**Instructions for the task:** Return all of the data exactly, with nothing left out but the pictures.

**Provided data:**
'''

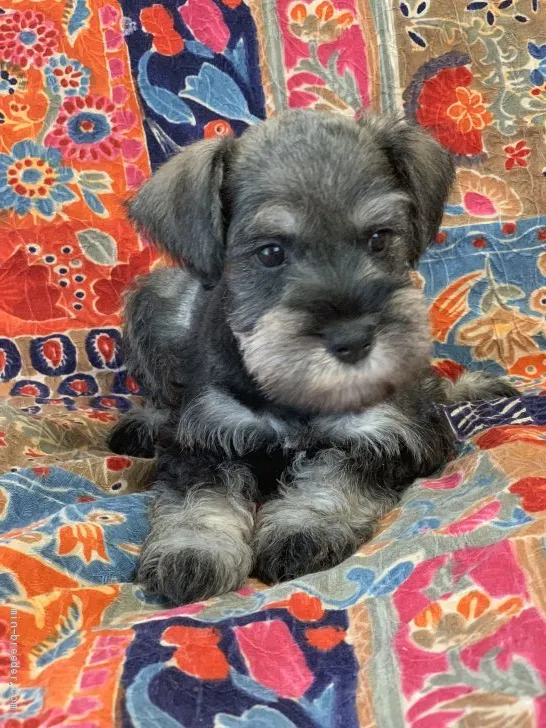 青さん 様のお迎えした子犬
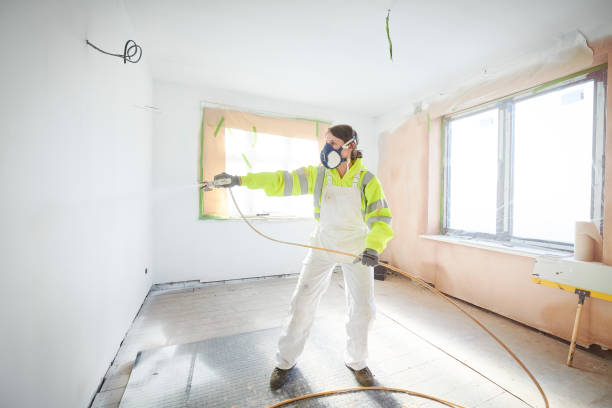 Best Mold Damage Restoration  in Montgomery, WV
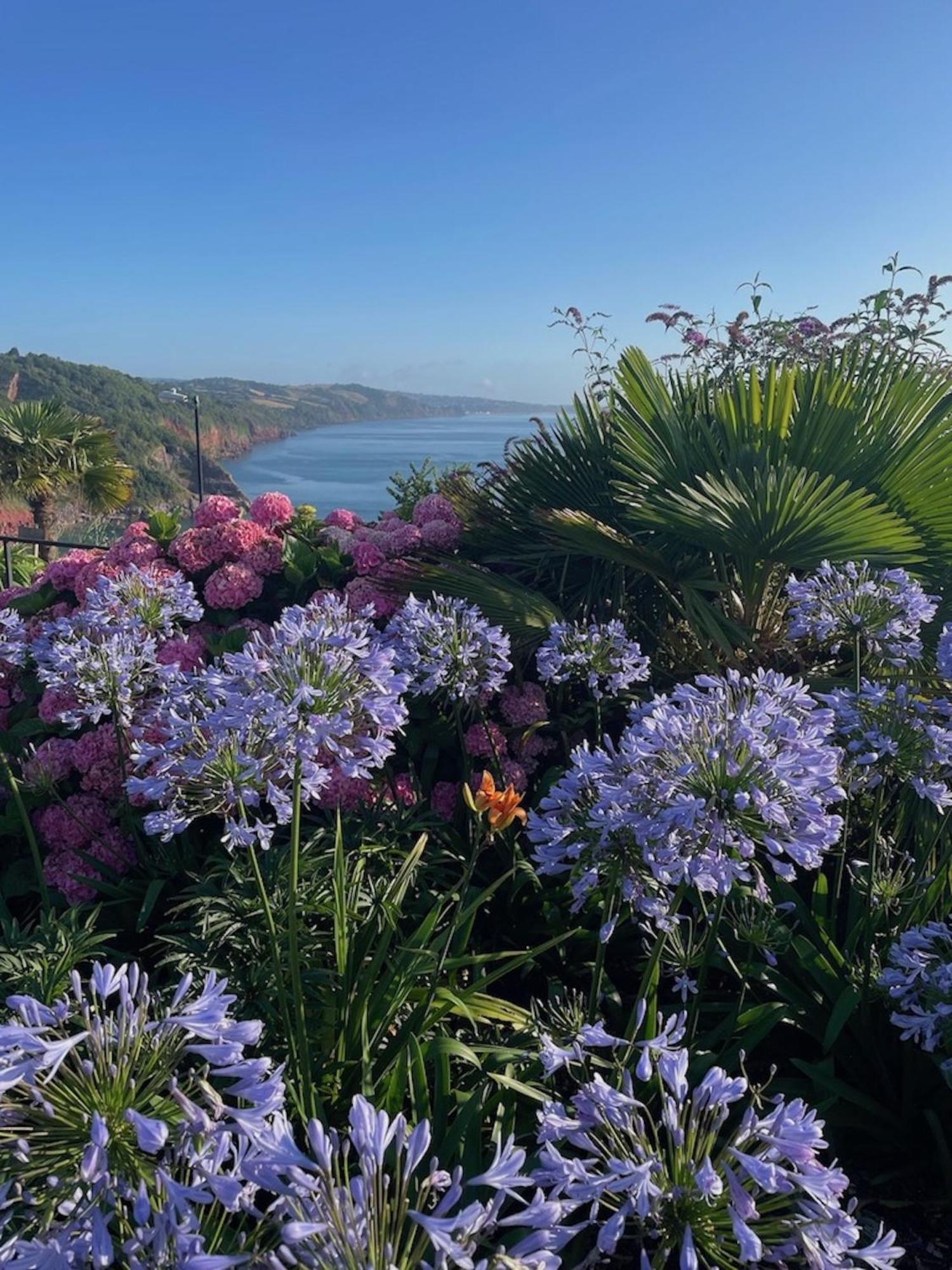 Headland View Boutique B&B ทอร์คิ ภายนอก รูปภาพ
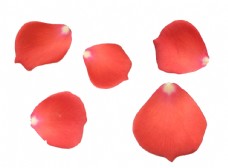 玫瑰 花瓣 素材 红色 分层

'''

**Written reply:**
 青さん 様のお迎えした子犬
 Best Mold Damage Restoration  in Montgomery, WV
 Headland View Boutique B&B ทอร์คิ ภายนอก รูปภาพ
 玫瑰 花瓣 素材 红色 分层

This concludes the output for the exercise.